Выбрать главу

Протесты осужденных могли бы ужаснуть судей и пробудить в них совесть. Но им, к сожалению, удалось частично их опровергнуть, да еще таким способом, который мог бы стать весьма убедительным, если бы не был сущим самообманом: они заставили признать свою вину многих из тех, кого столь безоговорочно оправдывали осужденные. О других процессах мы скажем, как и обещали, лишь несколько слов и от прочих обвиняемых перейдем непосредственно к Падилье, то есть к тому, кто по важности преступления является главным во всей этой истории. Формально и по существу от исхода его дела зависело отношение ко всем остальным осужденным.

ГЛАВА VI

Оба точильщика, столь безрассудно названные Пьяццой, а затем Мора, пребывали в тюрьме с 27 июня, но их ни разу не свели ни с тем, ни с другим и даже не допросили вплоть до исполнения приговора, состоявшегося первого августа. Одиннадцатого числа был допрошен отец, день спустя его подвергли пыткам под обычным предлогом, что его показания были полны противоречий и несообразностей, и он признался, то есть наплел бог весть что, перекроив на свой лад, как и Пьяцца, подлинные события. И отец и сын поступили, как пауки: закрепив нить на твердом месте, оба принялись плести узоры в пустоте. У отца нашли пузырек со снотворным, врученным ему, а вернее составленным у него в доме, его другом Баруэлло; он заявил, что это «мазь для умерщвления людей», некий настой на жабах и змеях «с добавлением порошков неизвестного ему происхождения». Помимо Баруэлло, он назвал в числе сообщников еще кое-кого из общих знакомых, а в качестве зачинщика — Падилью. Судьи, видимо, хотели связать эту небылицу с историей обоих казненных, а для этого им надо было заставить точильщика показать, что «мазь и звонкую монету» он получил от последних. Если бы допрашиваемый стал просто запираться, то судьи всегда могли прибегнуть к пыткам, но тот обезоружил их таким необычным ответом: «Нет, синьор, это — неправда, но если вы станете меня пытать, чтобы я отказался от своих слов, то я вынужден буду сказать, что это — правда, хотя это не так». Не бросая открытого вызова правосудию и человечности, судьи не могли больше испытывать средство, о заведомом результате которого их так торжественно предупредили.

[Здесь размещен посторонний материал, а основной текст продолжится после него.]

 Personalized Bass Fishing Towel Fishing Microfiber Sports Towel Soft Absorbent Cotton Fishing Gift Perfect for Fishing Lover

Обвиняемый был приговорен все к той же казни. После вынесения приговора он назвал под пыткой еще одного ростовщика и некоторых других лиц, однако в тюремной часовне и на лобном месте отказался от всех своих показаний.

Если об этом несчастном Пьяцца и Мора только и сказали, что он был малодостойным человеком, то ряд фактов, выявленных на процессе, говорит за то, что они его все же не оклеветали. Однако они возвели поклеп на его сына Гаспара, о проступке которого хотя и говорится в деле, но говорится собственными его устами. Речь идет о заявлении, сделанном в такой момент и в таком состоянии, которые свидетельствуют о безвинности и праведности всей его жизни. Во время пыток, перед лицом смерти, он вел себя не просто как мужественный человек, а как настоящий мученик. Не будучи в силах заставить его оклеветать самого себя или возвести напраслину на других, его осудили (непонятно, под каким предлогом) за участие в преступлении и по вынесении приговора спросили его, как водится, не совершал ли он других преступлений и не имел ли соумышленников в делах, за которые был осужден. На первый вопрос он ответил: «Я не совершал ни этого, ни других преступлений и умираю потому, что как-то в приливе гнева ударил кулаком в глаз одному негодяю». На второй: «У меня нет никаких соумышленников, потому что я занимался своими делами, а раз я преступления не совершал, то у меня не может быть и соучастников». Когда ему пригрозили пыткой, он сказал: «Ваша милость, делайте все, что угодно, я ни за что не признаюсь в том, в чем не виноват, и не сгублю свою душу: уж лучше помучиться три-четыре часа на дыбе, чем угодить в ад на вечные муки». Подвергшись пыткам, он вначале воскликнул: «О боже, я ничего не сделал: за что меня убивают?» Потом он добавил: «Пытки кончатся скоро, а на том свете придется быть вечно». Тогда постепенно в пытках судьи стали переходить от одной степени к другой, пока не дошли до последней, а вместе с тем все настойчивее требовали сказать правду. Но несчастный по-прежнему твердил: «Я все уже сказал и хочу спасти свою душу. Говорят вам, я не хочу отягощать свою совесть: я ничего плохого не совершил».